Argh -venting-

Not such a good day.  I had a horrible phone conversation and feeling low.  I don’t know what is wrong with my dad these days, but he’s been getting into the habit of telling people things they have no business knowing –about me, and my sisters and their families.  He’s always been a good friend and there’s a lot of years of deep trust in our relationship, but in the last few months he’s gotten loose lips about family business and it can be quite humiliating.  This last incident I found out about today really made me want to crawl under a rock and die of embaressment.  I’m still considering that course of action, btw, so if I’m not on buddyslim you know what happened ;P

Apparently I can’t trust him with -anything- anymore.  I’ve talked to him about this, and so have my sisters, but I guess he doesn’t see what he’s doing wrong, because he keeps on doing it!

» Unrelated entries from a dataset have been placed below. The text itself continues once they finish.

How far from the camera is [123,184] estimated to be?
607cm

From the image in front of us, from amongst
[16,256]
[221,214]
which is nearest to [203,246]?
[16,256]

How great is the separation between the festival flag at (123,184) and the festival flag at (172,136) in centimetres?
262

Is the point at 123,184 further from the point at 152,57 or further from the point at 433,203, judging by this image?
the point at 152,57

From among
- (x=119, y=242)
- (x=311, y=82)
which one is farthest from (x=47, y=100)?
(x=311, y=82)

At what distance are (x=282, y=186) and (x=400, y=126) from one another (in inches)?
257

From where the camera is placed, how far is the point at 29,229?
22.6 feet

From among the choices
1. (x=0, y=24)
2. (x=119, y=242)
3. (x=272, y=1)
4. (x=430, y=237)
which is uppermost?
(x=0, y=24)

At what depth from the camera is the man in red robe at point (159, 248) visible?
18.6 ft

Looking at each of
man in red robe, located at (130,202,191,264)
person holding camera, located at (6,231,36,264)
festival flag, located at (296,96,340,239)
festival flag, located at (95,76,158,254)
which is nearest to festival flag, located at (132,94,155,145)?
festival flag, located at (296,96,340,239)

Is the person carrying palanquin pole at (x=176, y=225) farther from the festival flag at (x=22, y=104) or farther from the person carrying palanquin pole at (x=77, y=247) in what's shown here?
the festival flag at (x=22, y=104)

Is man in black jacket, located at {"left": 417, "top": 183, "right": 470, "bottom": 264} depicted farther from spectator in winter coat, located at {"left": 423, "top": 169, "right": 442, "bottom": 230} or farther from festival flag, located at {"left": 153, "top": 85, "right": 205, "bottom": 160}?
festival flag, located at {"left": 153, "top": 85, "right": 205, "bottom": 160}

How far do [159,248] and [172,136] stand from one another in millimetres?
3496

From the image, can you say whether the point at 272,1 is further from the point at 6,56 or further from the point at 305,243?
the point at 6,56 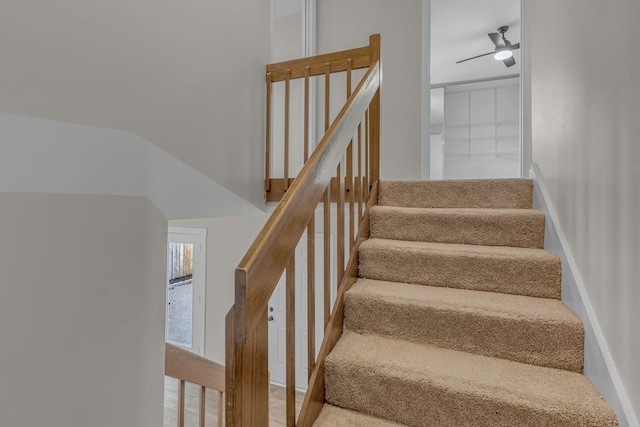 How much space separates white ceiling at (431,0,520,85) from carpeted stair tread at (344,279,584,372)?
3.46 m

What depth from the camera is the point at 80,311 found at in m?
1.50

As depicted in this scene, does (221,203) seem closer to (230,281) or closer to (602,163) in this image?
(602,163)

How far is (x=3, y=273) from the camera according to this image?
4.13 feet

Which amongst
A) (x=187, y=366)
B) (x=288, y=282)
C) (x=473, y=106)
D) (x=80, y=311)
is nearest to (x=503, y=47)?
(x=473, y=106)

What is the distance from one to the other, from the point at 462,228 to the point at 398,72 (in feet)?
6.71

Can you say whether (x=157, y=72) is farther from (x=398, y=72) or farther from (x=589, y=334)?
(x=398, y=72)

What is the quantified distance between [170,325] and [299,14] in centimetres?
450

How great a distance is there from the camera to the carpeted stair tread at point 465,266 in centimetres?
155

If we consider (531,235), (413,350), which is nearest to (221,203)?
(413,350)

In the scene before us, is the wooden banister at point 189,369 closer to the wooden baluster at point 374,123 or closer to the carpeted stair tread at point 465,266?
the carpeted stair tread at point 465,266

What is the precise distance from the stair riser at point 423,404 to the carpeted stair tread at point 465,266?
576 mm

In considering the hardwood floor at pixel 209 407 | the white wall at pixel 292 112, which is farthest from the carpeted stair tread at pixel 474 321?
the hardwood floor at pixel 209 407

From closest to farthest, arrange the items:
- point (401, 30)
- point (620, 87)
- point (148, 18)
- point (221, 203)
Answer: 1. point (620, 87)
2. point (148, 18)
3. point (221, 203)
4. point (401, 30)

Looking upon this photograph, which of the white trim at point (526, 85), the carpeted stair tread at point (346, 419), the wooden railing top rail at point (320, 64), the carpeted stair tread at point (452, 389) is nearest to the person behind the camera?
the carpeted stair tread at point (452, 389) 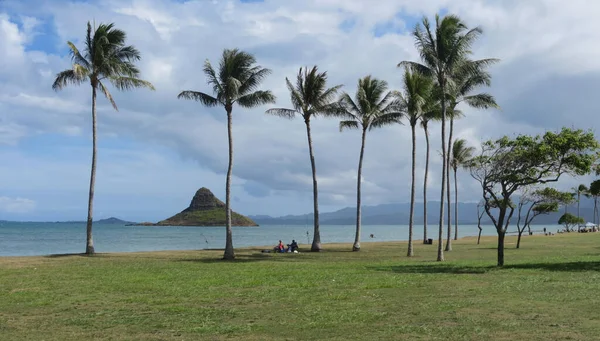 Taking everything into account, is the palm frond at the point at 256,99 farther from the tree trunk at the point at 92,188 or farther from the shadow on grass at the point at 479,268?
the shadow on grass at the point at 479,268

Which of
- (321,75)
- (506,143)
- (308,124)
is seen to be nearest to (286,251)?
(308,124)

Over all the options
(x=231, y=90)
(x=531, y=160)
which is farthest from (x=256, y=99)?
(x=531, y=160)

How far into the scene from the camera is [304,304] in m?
15.0

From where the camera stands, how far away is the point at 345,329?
38.5 feet

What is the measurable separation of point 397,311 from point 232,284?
25.5ft

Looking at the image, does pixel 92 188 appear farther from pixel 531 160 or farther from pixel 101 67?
pixel 531 160

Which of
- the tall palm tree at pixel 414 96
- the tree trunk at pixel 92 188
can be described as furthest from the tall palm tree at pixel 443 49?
the tree trunk at pixel 92 188

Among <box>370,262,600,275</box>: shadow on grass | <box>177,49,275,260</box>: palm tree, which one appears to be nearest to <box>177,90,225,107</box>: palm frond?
<box>177,49,275,260</box>: palm tree

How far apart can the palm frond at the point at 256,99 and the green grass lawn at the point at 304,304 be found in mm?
13885

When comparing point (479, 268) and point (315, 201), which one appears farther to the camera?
point (315, 201)

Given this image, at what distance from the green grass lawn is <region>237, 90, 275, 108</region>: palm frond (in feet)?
45.6

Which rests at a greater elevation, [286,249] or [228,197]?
[228,197]

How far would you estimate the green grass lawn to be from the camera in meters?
11.5

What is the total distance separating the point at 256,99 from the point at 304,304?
22.5 meters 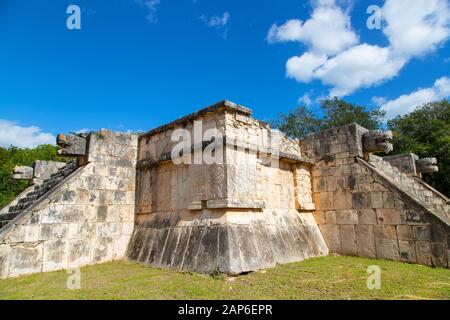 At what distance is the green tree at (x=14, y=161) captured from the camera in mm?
18609

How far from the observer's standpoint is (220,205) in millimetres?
5613

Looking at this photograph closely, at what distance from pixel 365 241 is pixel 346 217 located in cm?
73

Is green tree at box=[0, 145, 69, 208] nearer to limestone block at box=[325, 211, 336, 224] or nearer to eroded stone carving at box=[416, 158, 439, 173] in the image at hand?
limestone block at box=[325, 211, 336, 224]

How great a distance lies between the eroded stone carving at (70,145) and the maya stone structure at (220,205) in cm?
2

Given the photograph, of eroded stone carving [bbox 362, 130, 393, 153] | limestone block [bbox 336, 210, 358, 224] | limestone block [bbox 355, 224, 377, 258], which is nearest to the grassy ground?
limestone block [bbox 355, 224, 377, 258]

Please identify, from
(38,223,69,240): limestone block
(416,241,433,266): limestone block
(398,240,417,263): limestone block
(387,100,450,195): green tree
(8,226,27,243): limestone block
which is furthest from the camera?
(387,100,450,195): green tree

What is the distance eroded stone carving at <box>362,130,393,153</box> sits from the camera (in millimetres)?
7547

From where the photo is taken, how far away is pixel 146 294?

Was ok before that phone call, but I’m so completely low I’m thinking there must be pms lurking somewhere.  Don’t know for sure, maybe its just a bad day.  I don’t crave food, in fact I had quite a subdued appetite all day.

So on plan for eating, but not for exercise.  I did do a bunch of cleaning today but its just not the same.  Some days, it seems a year, or two or three of being on plan is nothing at all, and other days it seems like an eternity.  Just to see some results, that is.  I know I can’t ever go back to how I was eating, and I don’t think I’d even want to.

PS spellchecker doesn’t seem to work D:

6 Comments so far

  1. bdupree @ July 2nd, 2007

    *hugs*

  2. WonderWoman @ July 2nd, 2007

    Well, of course you’re feeling low, regardless of PMS. No one wants to be talked about, especially if what was said was humiliating. So, what’s done is done and people know the “story”. But, now learn from it. Your Dad obviously doesn’t get it and he might be telling people things because he could be lonely. Not saying it’s so, but it could be. So now don’t tell him anything too personal. And don’t tell any brother or sister anything personal if you know they tell your Dad everything either. Start being selective on who knows what about you. I hope you feel better about the situation and I hope none of this affects your goals. Try and stay upbeat. :)

  3. Serena @ July 2nd, 2007

    I know exactly how you feel. My mum does the exact same thing. Growing up she was always telling everyone about my weight problems and humiliating me in public. I just had to learn to keep things from her. It annoys her immensely, but I know that anything I tell her will be heard by half of town so I’m very selective in what I say.If you have issues you are sensitive about you have to protect yourself, even from people you should be able to trust. Be strong and take care of yourself.

  4. helen28 @ July 2nd, 2007

    It’s really hard to deal with family memebers who seem to think that it’s funny to share private details of our lives but try to let it go over your head. Whats done is done and al he’s achieved is to distance himself from you, he wont have anymore gossip about you if you don’t trust him enough to confide in him anymore. Keep your chin up.

  5. lw76 @ July 2nd, 2007

    Sorry to hear that you have been having a rotten day. Stick with your eating plan and even though you don’t feel it the same as exercising, that housework is still wonderful activity to burn calories. Make the commitment to exercise tomorrow. It’s okay to have a bad day. I think that my mother still views me as her little girl and as she gets older she grows more sinical. She hurts me sometimes with the things that she says without intention. She feels badly afterwards but will still say ‘But it’s the truth’. That gets on my nerves! Anyway, hang in there, you’re worth it!

  6. nikki @ July 2nd, 2007

    I agree with Wonder Woman. Try to look at this as a learning lesson, that you can no longer talk to your dad about things you don’t want anyone else to know. Try not to be too down.